- [REQUIREMENT] Down to the last line, write out the entries below exactly and omit all pictures.

- [GIVEN DATA]
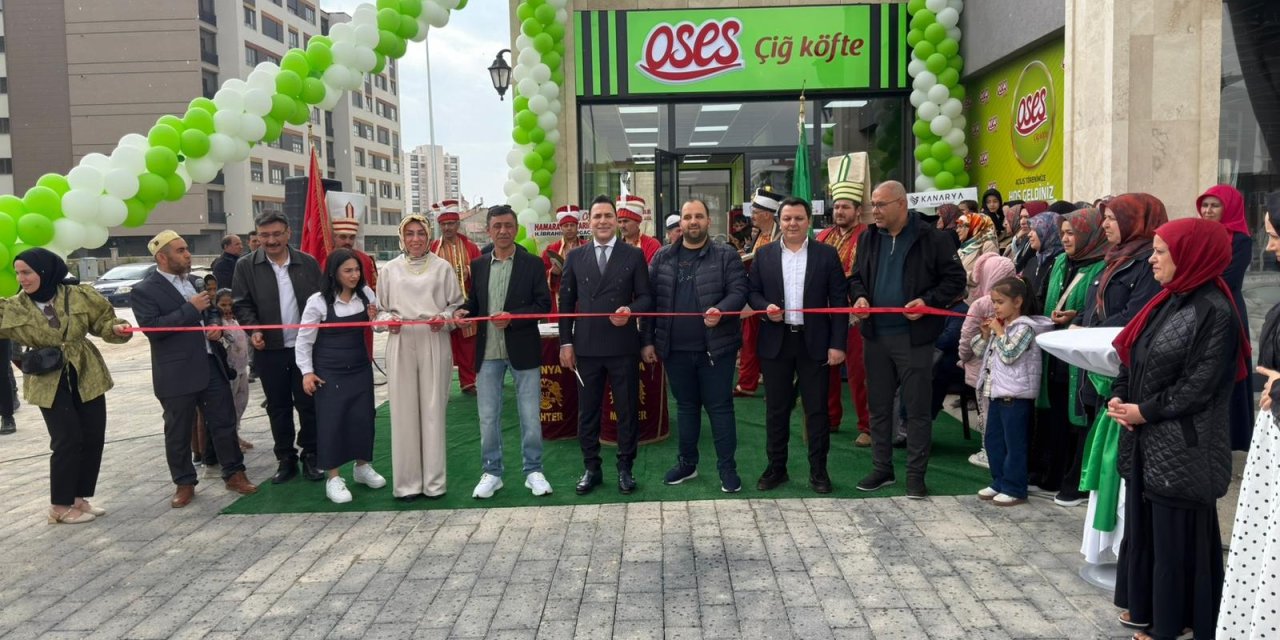 Oses Çiğköfte Konya’da '1001' dedi
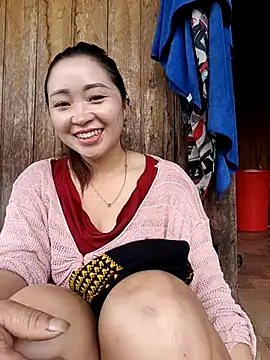 Snapshot of miemie-xx chatting on 10-09-25, 02:12 miemie-xx online show from 10-09-25, 02:12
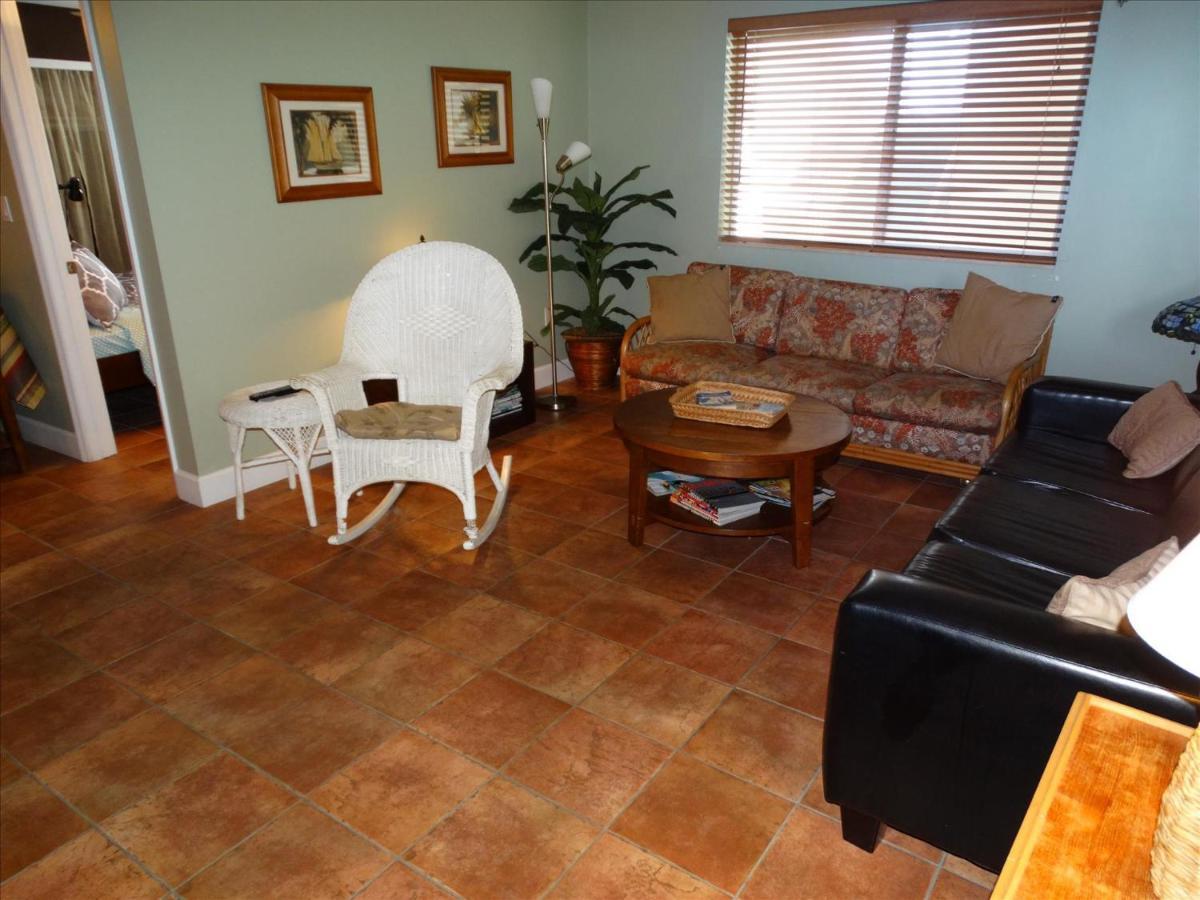 Quiet Vista Del Mar 2 Bedroom Condo Beachfront Property Cocoa Beach Exteriör bild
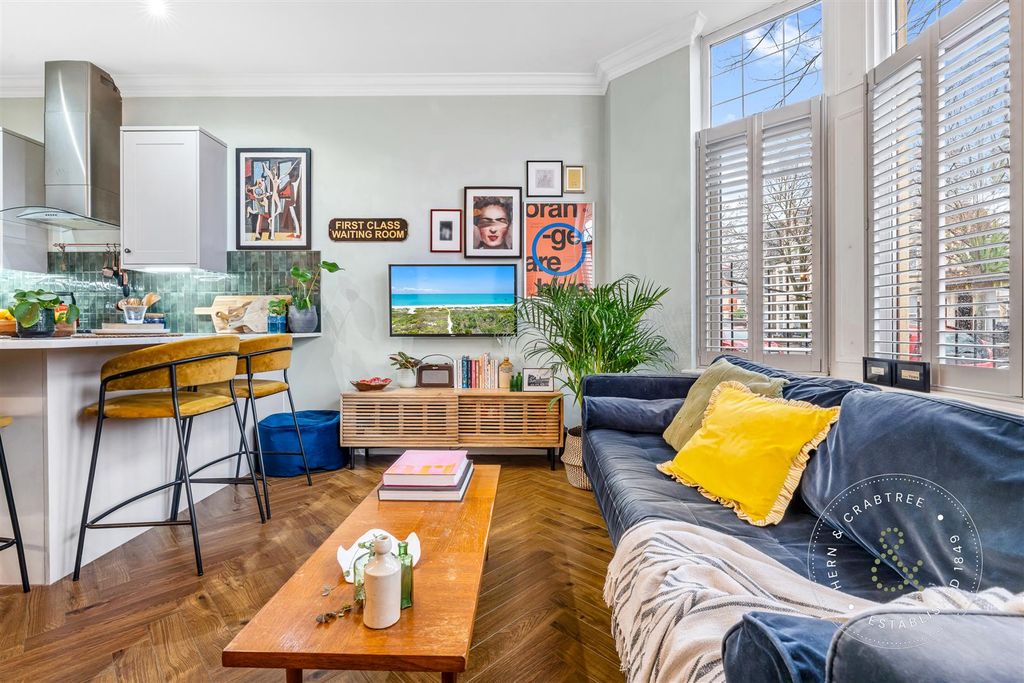 Property photo 3 of 48 Handc-140.Jpg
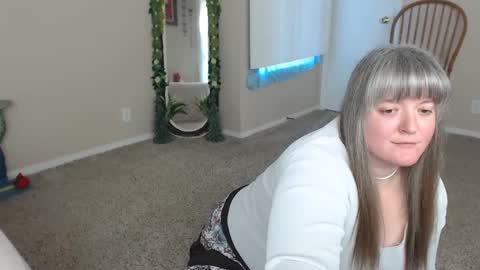 Snapshot of teases chatting on 03.02.25 teases online show from 03.02.25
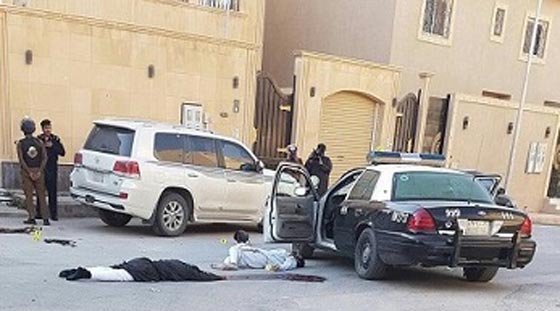 مشهدان يحبسان الانفاس لمواجهة مباشرة بين الامن السعودي وارهابيين صورة رقم 3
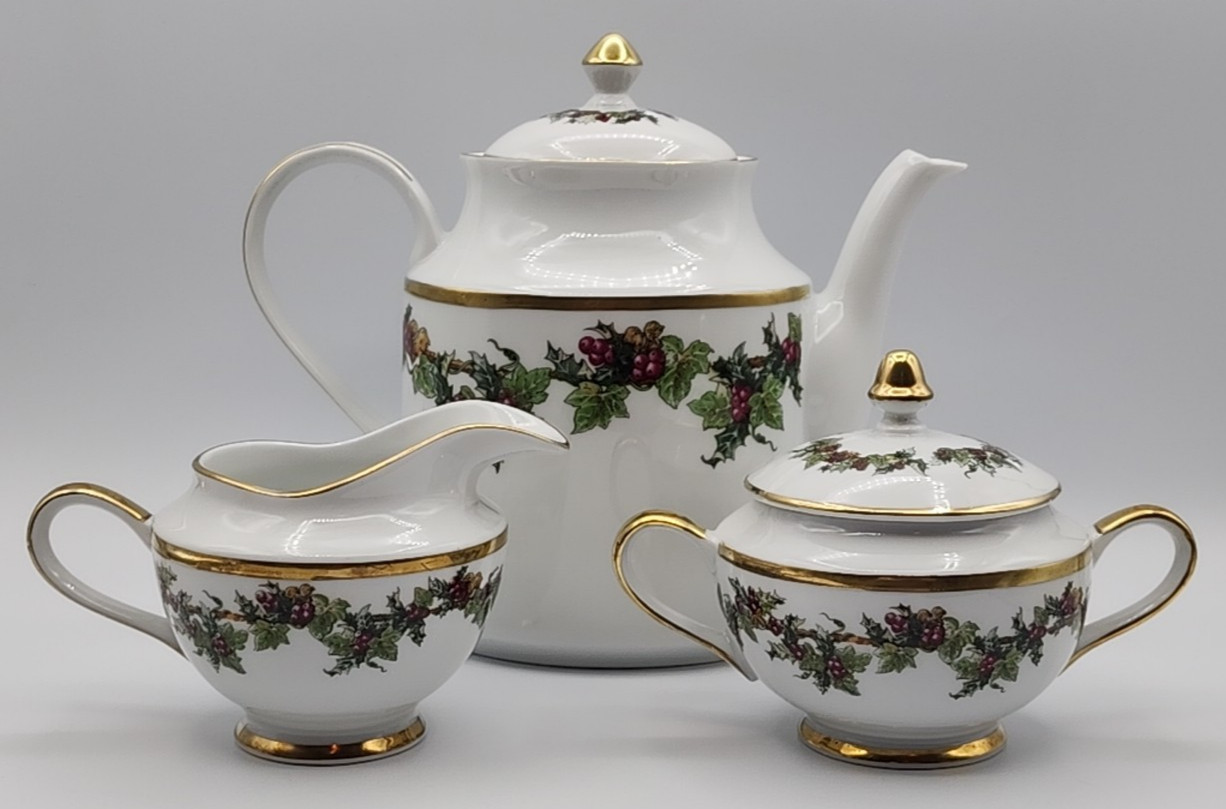 Royal Gallery The Holly and The Ivy Teapot or Coffee Pot with Sugar & Creamer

- [OUTPUT BELOW]
 Oses Çiğköfte Konya’da '1001' dedi
 Snapshot of miemie-xx chatting on 10-09-25, 02:12 miemie-xx online show from 10-09-25, 02:12
 Quiet Vista Del Mar 2 Bedroom Condo Beachfront Property Cocoa Beach Exteriör bild
 Property photo 3 of 48 Handc-140.Jpg
 Snapshot of teases chatting on 03.02.25 teases online show from 03.02.25
 مشهدان يحبسان الانفاس لمواجهة مباشرة بين الامن السعودي وارهابيين صورة رقم 3
 Royal Gallery The Holly and The Ivy Teapot or Coffee Pot with Sugar & Creamer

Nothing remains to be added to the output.